Other researchers have used poetry as a way to communicate the meaning of interviews, but the analytic strategies that are involved in this are rarely explicit. An exception, which Carolyn Mears called the gateway approach for analyzing and displaying interview material, is presented in her book Interviewing for Education and Social Science Research. Drawing on humanity-based practices, including oral history interviewing, poetic forms of transcription and display, and Elliot Eisner’s educational connoisseurship, Mears created poetic renditions of her interviews, retaining the interviewee’s own language, but editing and rearranging this to better convey the experience and emotion that may be obscured or missed in a verbatim transcription.
It is also possible to combine categorizing and connecting strategies in analysis—not simply by connecting the results of a prior categorizing analysis, as Strauss did with axial and selective coding, but by integrating connecting strategies from the beginning of the analysis. An example is the listening guide approach to analysis, developed by Carol Gilligan and her associates, for analyzing interviews. This approach, which they describe as a voice-centered relational method, involves a series of “listenings” that attempt to identify the “plot” (the story that is being told), the stance of the speaker (identifying the “I” statements and creating a separate document from these, an “I poem”), and different “voices” in the interview; in Gilligan’s original use of this approach, which contrasted men’s and women’s views on moral judgment, these were the voices of justice and of caring, and of a separate and a connected self. However, the particular voices identified depend on the goals of the research and may be inductively developed during the study. Such an approach interweaves categorizing and connecting steps rather than keeping these separate.

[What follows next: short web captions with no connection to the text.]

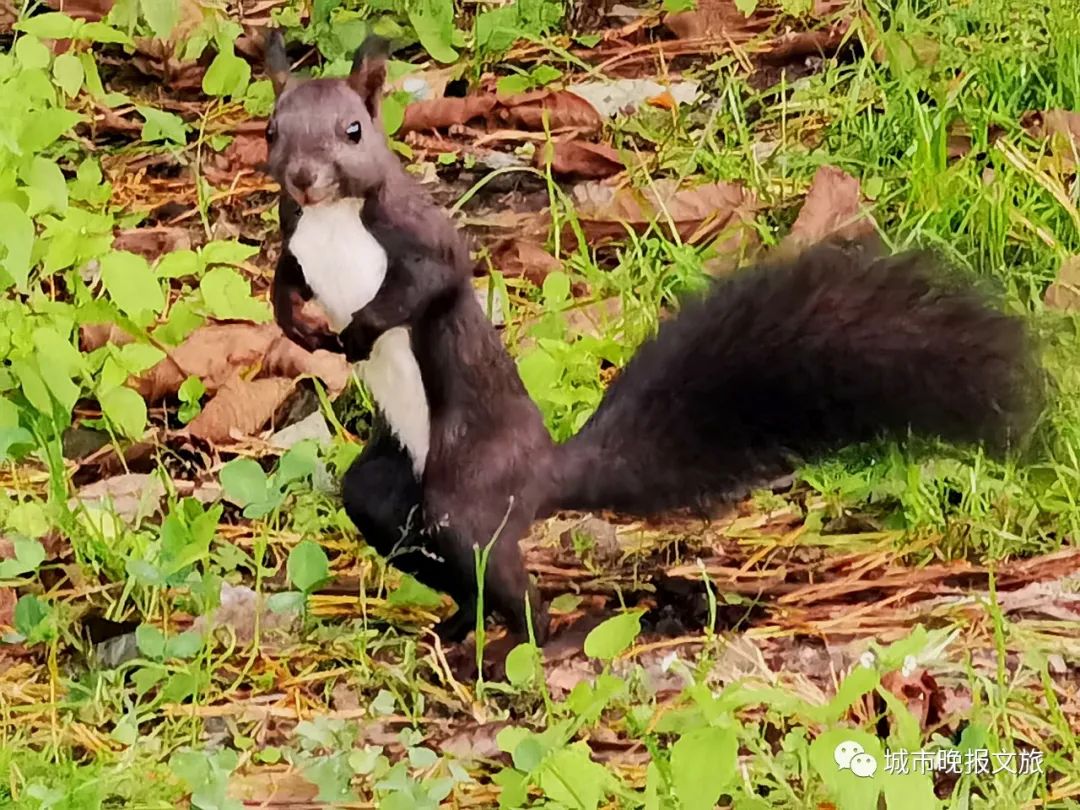 城晚拍拍丨落日余晖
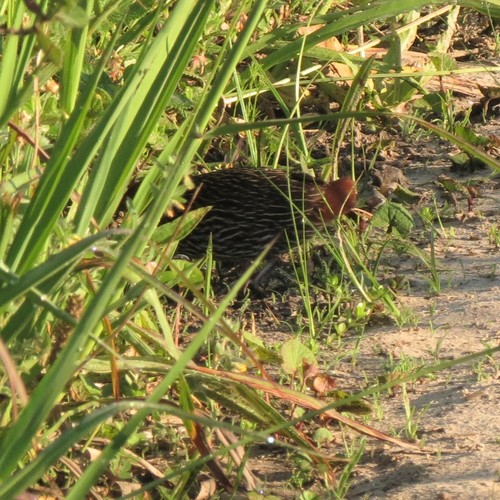 Striped Flufftail (Sarothrura affinis), photo 2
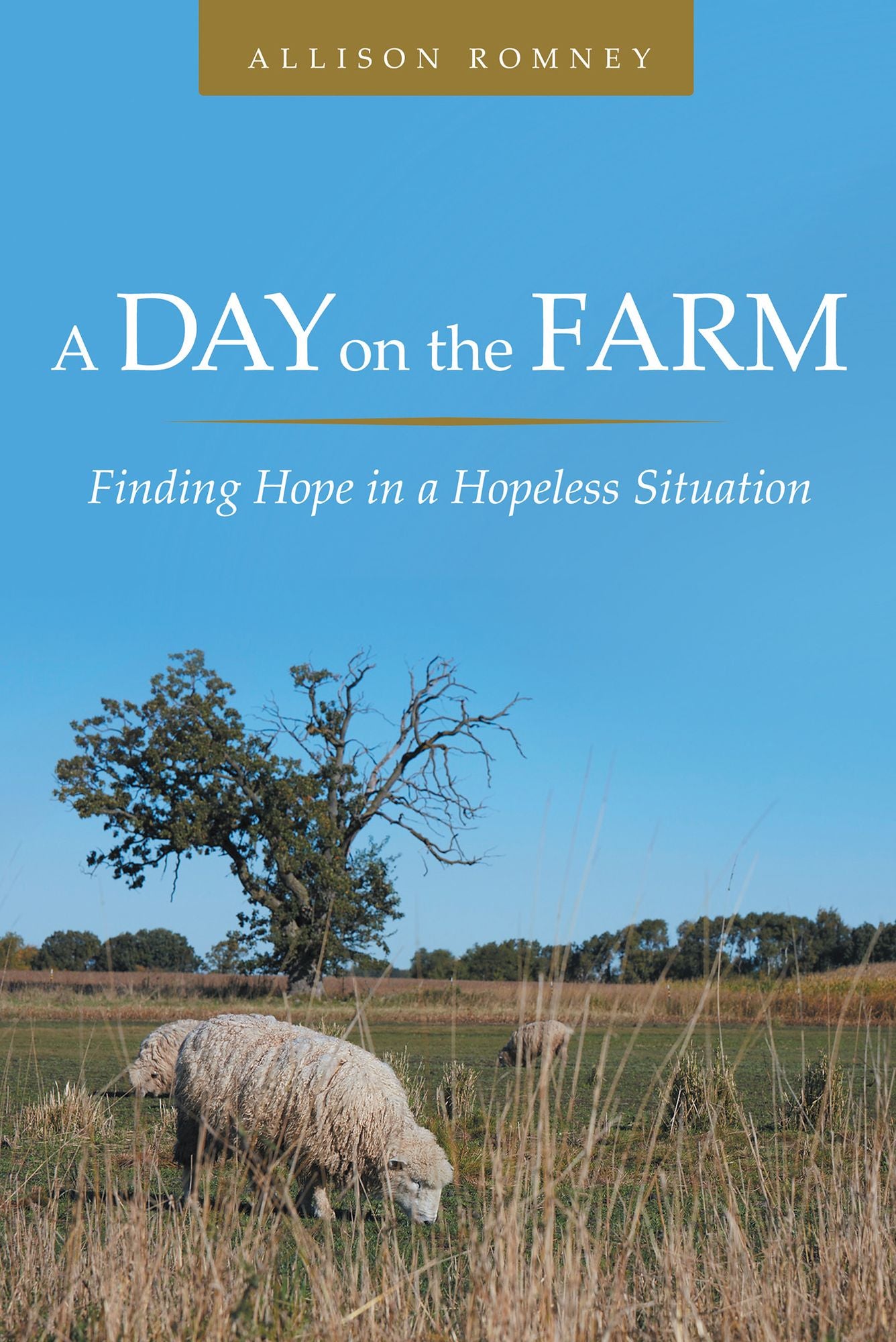 A Day on the Farm: Finding Hope in a Hopeless Situation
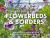 How to Create Beautiful Flowerbeds and Borders : Expert Advice and Inspiration from the National Trust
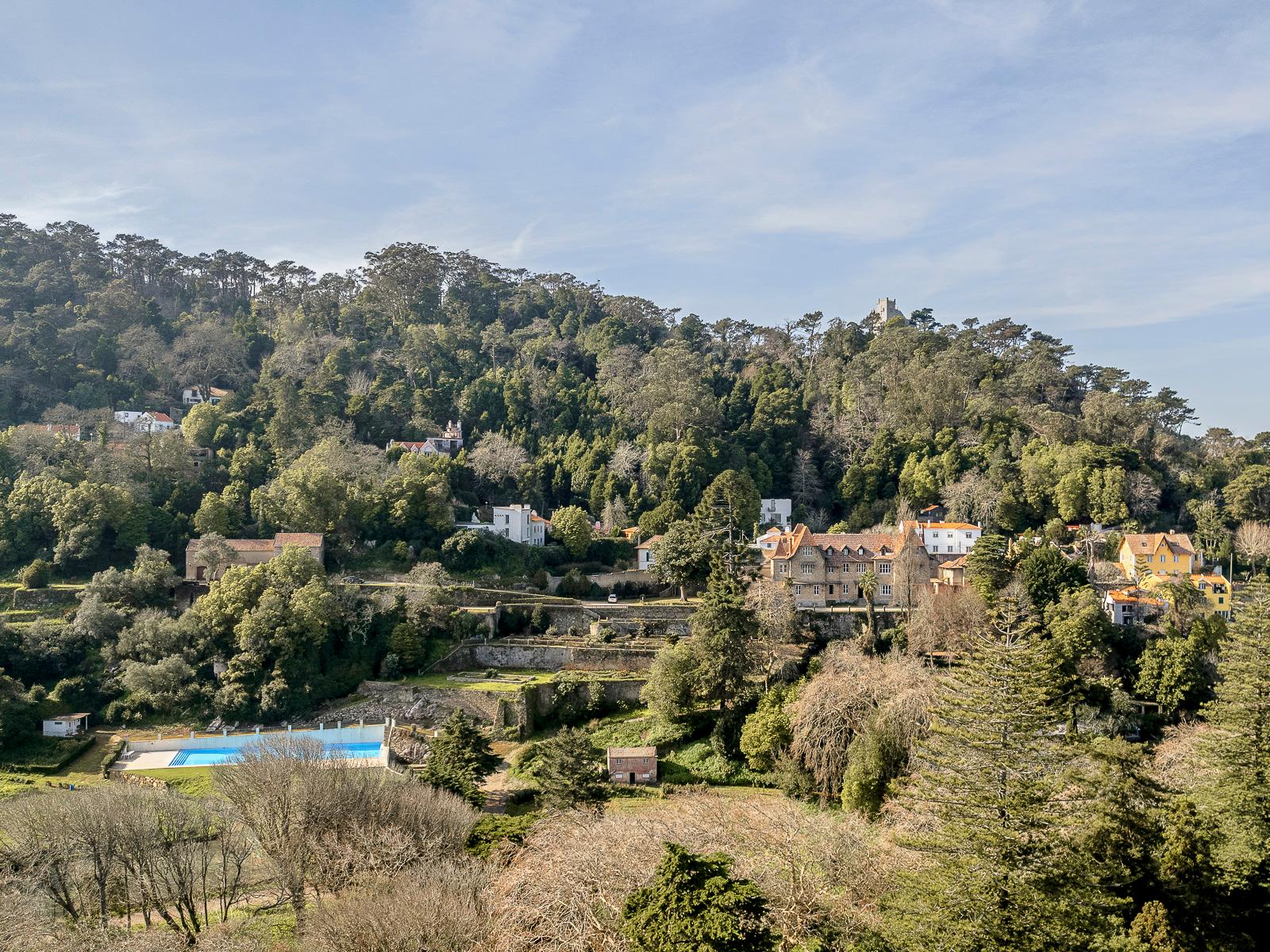 Farm in Sintra (77659) — photograph 5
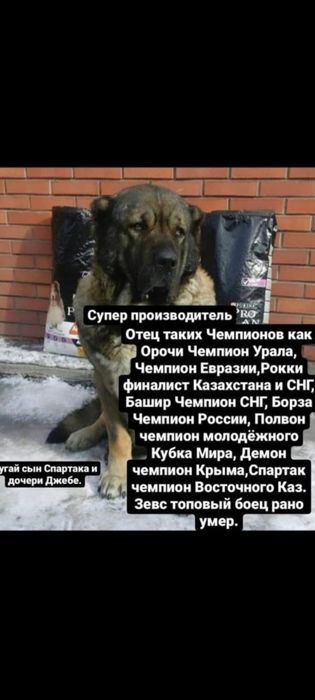 Продам щенок Алабай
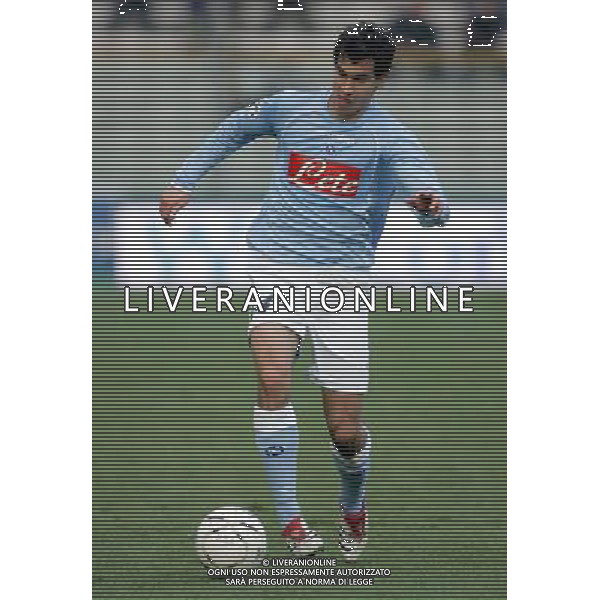 Parma 07/12/2006 Coppa Italia TIM CUP 2006/07 parma-napoli 3:1 nella foto garics gyorgy ph arco luzzani/ag aldo liverani s.a.s.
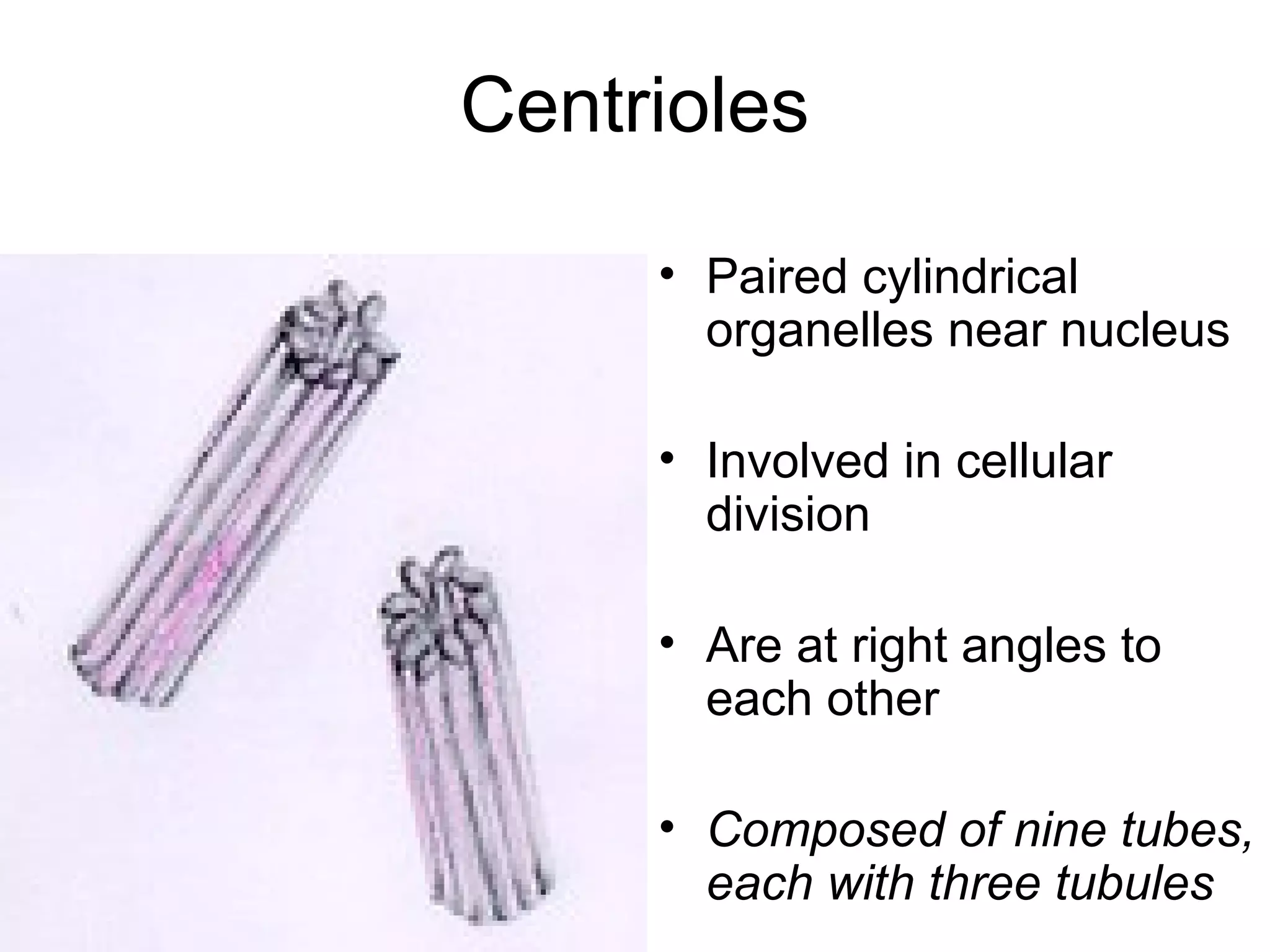 Centrioles
• Paired cylindrical
organelles near nucleus
• Involved in cellular
division
• Are at right angles to
each other
• Composed of nine tubes,
each with three tubules

 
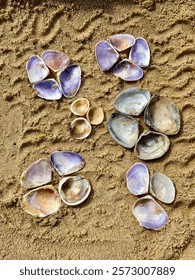 Colour coordinated shells forming flower like patterns in the sand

The analysis of qualitative data has been substantially transformed by the development of computer-assisted qualitative data analysis software that facilitates many of the processes involved in analyzing data; many different programs are available, with different strengths and limitations. However, unlike quantitative analysis programs, which actually carry out the chosen statistical procedures, qualitative software simply automates some of the actions involved in the analysis; every decision about what categories to use in coding the data, and selecting which segments to code, must still be made by the researcher, although the software can then display the results. In addition, such software is most useful for categorizing analysis; this can lead the researcher to employ this strategy even when the research purposes would be best served by a connecting approach. It is important to keep in mind, though, that the development of qualitative analysis software is progressing rapidly and that any attempt to characterize the field may quickly become out of date.